I quote his acceptance of the postulate (i. 15):—
‘Even Mr. A. Lang has to admit that we have not got much beyond Fontenelle, when he wrote in the last century:
‘“Why are the legends [myths] about men, beasts, and gods so wildly incredible and revolting? . . . The answer is that the earliest men were in a state of almost inconceivable ignorance and savagery, and that the Greeks inherited their myths from people in the same savage stage (en un pareil état de sauvagerie). Look at the Kaffirs and Iroquois if you want to know what the earliest men were like, and remember that the very Iroquois and Kaffirs have a long past behind them”’—that is to say, are polite and cultivated compared to the earliest men of all.

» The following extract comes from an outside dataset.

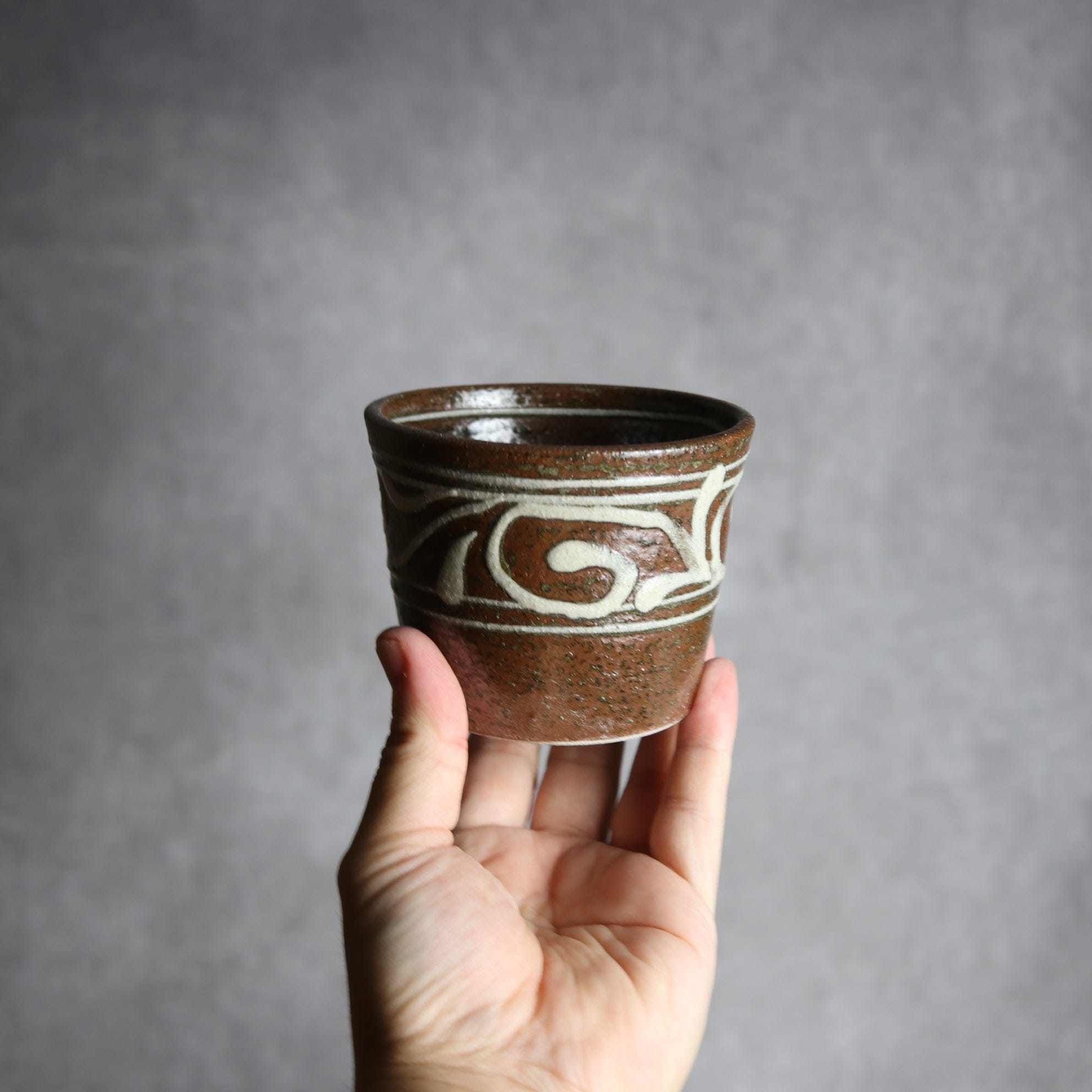 そば猪口1 イッチン 唐草 やちむん 陶器 榮一工房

Here is an uncompromising statement by Fontenelle of the postulate that the Greeks (an Aryan people) must have passed through the same stage as modern savages—Kaffirs and Iroquois—now occupy. But (i. 15) Mr. Max Müller eagerly accepts the postulate:—
‘There is not a word of Fontenelle’s to which I should not gladly subscribe; there is no advice of his which I have not tried to follow in all my attempts to explain the myths of India and Greece by an occasional reference to Polynesian or African folklore.’
Well, if Mr. Max Müller ‘gladly subscribes,’ in p. 15, to the postulate of an original universal stage of savagery, whence civilised races inherit their incredibly repulsive myths, why, in pp. 197, 198, does he denounce that very postulate as not proven, not capable of being proved, very mischievous, and one of the evils resulting from our method of comparing savage and civilised rites and beliefs? I must be permitted to complain that I do not know which is Mr. Max Müller’s real opinion—that given with such hearty conviction in p. 15, or that stated with no less earnestness in pp. 197, 198. I trust that I shall not be thought to magnify a mere slip of the pen. Both passages—though, as far as I can see, self-contradictory—appear to be written with the same absence of levity. Fontenelle, I own, speaks of Greeks, not Semites, as being originally savages. But I pointed out [{124}] that he considered it safer to ‘hedge’ by making an exception of the Israelites. There is really nothing in Genesis against the contention that the naked, tool-less, mean, and frivolous Adam was a savage.
The Fallacy of ‘Admits’
As the purpose of this essay is mainly logical, I may point out the existence of a fallacy not marked, I think, in handbooks of Logic. This is the fallacy of saying that an opponent ‘admits’ what, on the contrary, he has been the first to point out and proclaim. He is thus suggested into an attitude which is the reverse of his own. Some one—I am sorry to say that I forget who he was—showed me that Fontenelle, in De l’Origine des Fables, [{125a}] briefly stated the anthropological theory of the origin of myths, or at least of that repulsive element in them which ‘makes mythology mythological,’ as Mr. Max Müller says. I was glad to have a predecessor in a past less remote than that of Eusebius of Cæsarea. ‘A briefer and better system of mythology,’ I wrote, ‘could not be devised; but the Mr. Casaubons of this world have neglected it, and even now it is beyond their comprehension.’ [{125b}] To say this in this manner is not to ‘admit that we have not got much beyond Fontenelle.’ I do not want to get beyond Fontenelle. I want to go back to his ‘forgotten common-sense,’ and to apply his ideas with method and criticism to a range of materials which he did not possess or did not investigate.